= Ken Gee (judge) =

Australian judge and barrister

Kenneth Grenville Gee QC (17 March 1915 - 20 January 2008) was an Australian judge and barrister.

==Background==
Gee was born in Auburn to solicitor Dion Gee and Emmeline, née Grenville. He was educated at Homebush Primary School and Fort Street Boys' High School, and then studied law at the University of Sydney, graduating with a Bachelor of Law in 1937. Becoming a solicitor, he was initially a member of the Labor Party, but his Marxism saw him expelled during Jack Lang's purges. Invited to join the Communist Party of Australia, he declined because of the Nazi–Soviet Pact and instead he joined the tiny Trotskyist Communist League.
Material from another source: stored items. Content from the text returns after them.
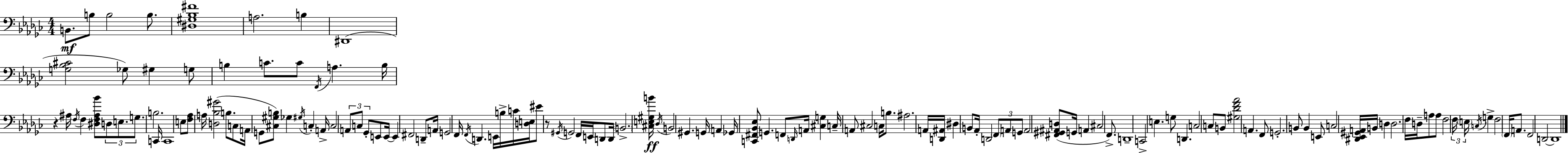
{
  \clef bass
  \numericTimeSignature
  \time 4/4
  \key ees \minor
  b,8.\mf b8 b2 b8. | <dis gis bes fis'>1 | a2. b4 | dis,1( | \break <g bes cis'>2 ges8) gis4 g8 | b4 c'8. c'8 \acciaccatura { f,16 } a4. | b16 r4 ais16 \acciaccatura { f16 } f4 <dis f ais bes'>8 \tuplet 3/2 { d8 e8. | g8. } b2. | \break c,16 c,1 | e8 <f aes>8 a16 <d bes gis'>2( b8. | c8 a,16 g,8 <cis gis b>8) ges4 \acciaccatura { gis16 } c4-. | a,16-> c2 \tuplet 3/2 { a,8 c8 ges,8-. } | \break e,8 e,16~~ e,4 fis,2 | d,8-- a,16 g,2 f,16 \acciaccatura { f,16 } d,4. | e,16 b16-> c'16 <d e>16 eis'8 r8 \acciaccatura { gis,16 } g,2 | f,16 e,16 d,8 d,16 \parenthesize b,2.-> | \break <cis e gis b'>16\ff \acciaccatura { des16 } b,2 gis,4. | g,16 a,4 ges,16 <c, fis, bes, ees>8 g,4. | f,8 \grace { d,16 } a,16 <cis g>4 c16-- a,8 cis2 | c16 b8. ais2. | \break a,16 <d, ais,>16 dis4 b,8 aes,16-. d,2 | \tuplet 3/2 { \parenthesize f,8 a,8 g,8 } a,2 | <fis, gis, ais, d>8( g,16 a,4 cis2 | f,8.->) d,1-- | \break c,2-> e4. | g8 d,4. c2 | c8 b,8 <gis des' f' aes'>2 | a,4. f,8 g,2.-. | \break b,8 b,4 e,8 c2 | <dis, ees, gis, a,>16 b,16 d4 d2. | f16 d16-- a8 a8 f2 | \tuplet 3/2 { f16 \parenthesize e16 \acciaccatura { c16 } } g4-> f2 | \break \parenthesize f,16 a,8. f,2 | d,2~~ d,1 | \bar "|."
} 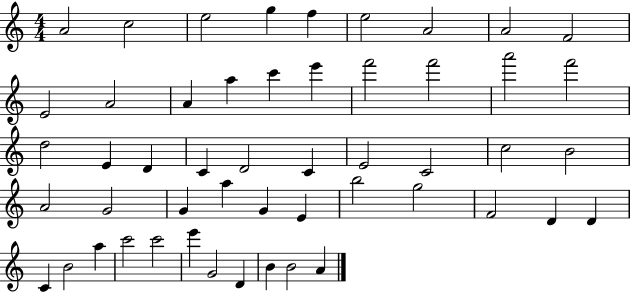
{
  \clef treble
  \numericTimeSignature
  \time 4/4
  \key c \major
  a'2 c''2 | e''2 g''4 f''4 | e''2 a'2 | a'2 f'2 | \break e'2 a'2 | a'4 a''4 c'''4 e'''4 | f'''2 f'''2 | a'''2 f'''2 | \break d''2 e'4 d'4 | c'4 d'2 c'4 | e'2 c'2 | c''2 b'2 | \break a'2 g'2 | g'4 a''4 g'4 e'4 | b''2 g''2 | f'2 d'4 d'4 | \break c'4 b'2 a''4 | c'''2 c'''2 | e'''4 g'2 d'4 | b'4 b'2 a'4 | \break \bar "|."
} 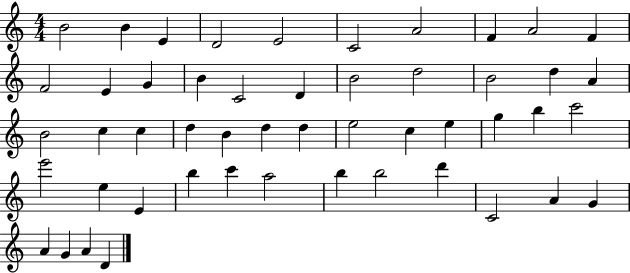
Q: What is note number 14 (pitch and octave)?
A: B4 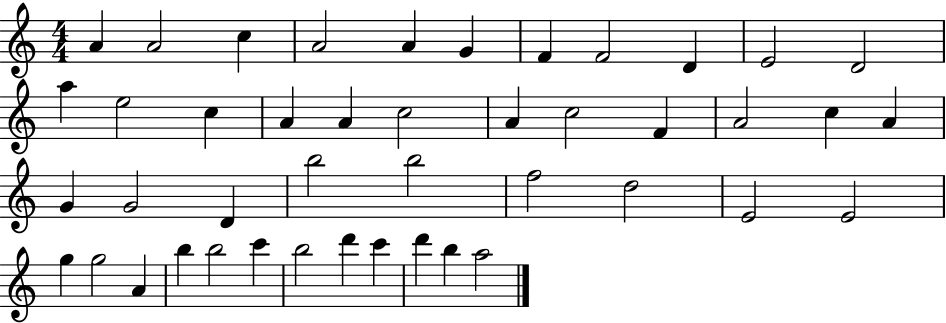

In 1941 he abandoned the law to work as an organiser for the League, led by Nick Origlass and Jack Wishart; during this period he worked as a boilermaker's labourer and was known as "Comrade Roberts". He had been friends at school with John Kerr, a future Governor-General; he had by this stage regular contacts with Laurie Short and Jim McClelland, who would go on to significant careers in ALP politics.

==Family life==
Gee married pharmacist Isobel Russell in 1940. Their three children included the novelist Kate Grenville. He and Isobel later divorced, and Gee remarried Elaine Hearn, with whom he also had a child.

==Politics==
Abandoning the Communist League in 1945, Gee returned to his legal practice; he was called to the Bar in 1947 and became crown prosecutor. In 1949 he rejoined the Labor Party and stood unsuccessfully in the federal election for the safe Liberal seat of Bradfield. In 1973 he was appointed Queen's Counsel and he became a judge on the District Court in 1975, serving until his retirement in 1985. He was occupied in semi-retirement as a member of the Serious Offenders Review Board and a consultant to the Judicial Commission.

In later years Gee's political views altered; he became an anti-communist, supporting the Vietnam War and the nationalists in Taiwan. His publications included a memoir, Comrade Roberts: Recollections of a Trotskyite (2006); a novel, A Maid from Heaven (1966); and a non-fiction work, The Saving of South Vietnam (1972).